C’est désormais chose faite avec Bahreïn. L’accord qui doit être officiellement signé mardi prochain à la Maison Blanche laisse également penser que Riyad pourrait suivre car, rappelle Karim Sader, cette petite monarchie « est en quelque sorte une province saoudienne, tant le pouvoir est aligné sur Riyad en matière de politique étrangère.
Et pour ce spécialiste de la région, « Oman, qui a toujours cherché un équilibre diplomatique dans la région en cohérence avec sa position de médiateur, risque fort de suivre l’exemple émirati ».
« Une fois que ces deux États auront suivi, il paraîtra alors logique de voir les Saoudiens suivre, car c’est ce qui est prévu depuis le début », précise l’expert.
Reste en suspens le cas du Qatar, isolé par ses voisins du Golfe et mis au ban du CCG depuis juin 2017. Même si « l’émirat a été l’un des premiers États de la région à entretenir des relations avec Israël, et continue d’avoir des échanges avec des responsables israéliens », rappelle Karim Sader.
Le premier bureau de représentation israélien dans le Golfe avait ouvert ses portes à Doha en 1996, avant de fermer quatre ans plus tard à la demande de l’Organisation de la coopération islamique (OCI). En 2009, c’est le bureau commercial israélien qui était fermé par le Qatar pour protester contre une offensive militaire israélienne à Gaza.
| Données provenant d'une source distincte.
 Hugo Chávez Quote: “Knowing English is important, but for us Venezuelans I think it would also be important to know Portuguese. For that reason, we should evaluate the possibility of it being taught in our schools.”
« Par sa capacité à dialoguer à la fois avec les pays occidentaux et des mouvances islamistes comme le Hamas, le Qatar est un précieux atout pour les Israéliens. Pour l’instant, il n’est pas sur la même ligne que ses voisins, en raison de son isolement. Mais dès lors que les Saoudiens lèveront leur embargo, et que Doha sera réhabilité au sein du CCG, il y a fort à parier qu’il suivra cette tendance », conclut le spécialiste des pays du Golfe.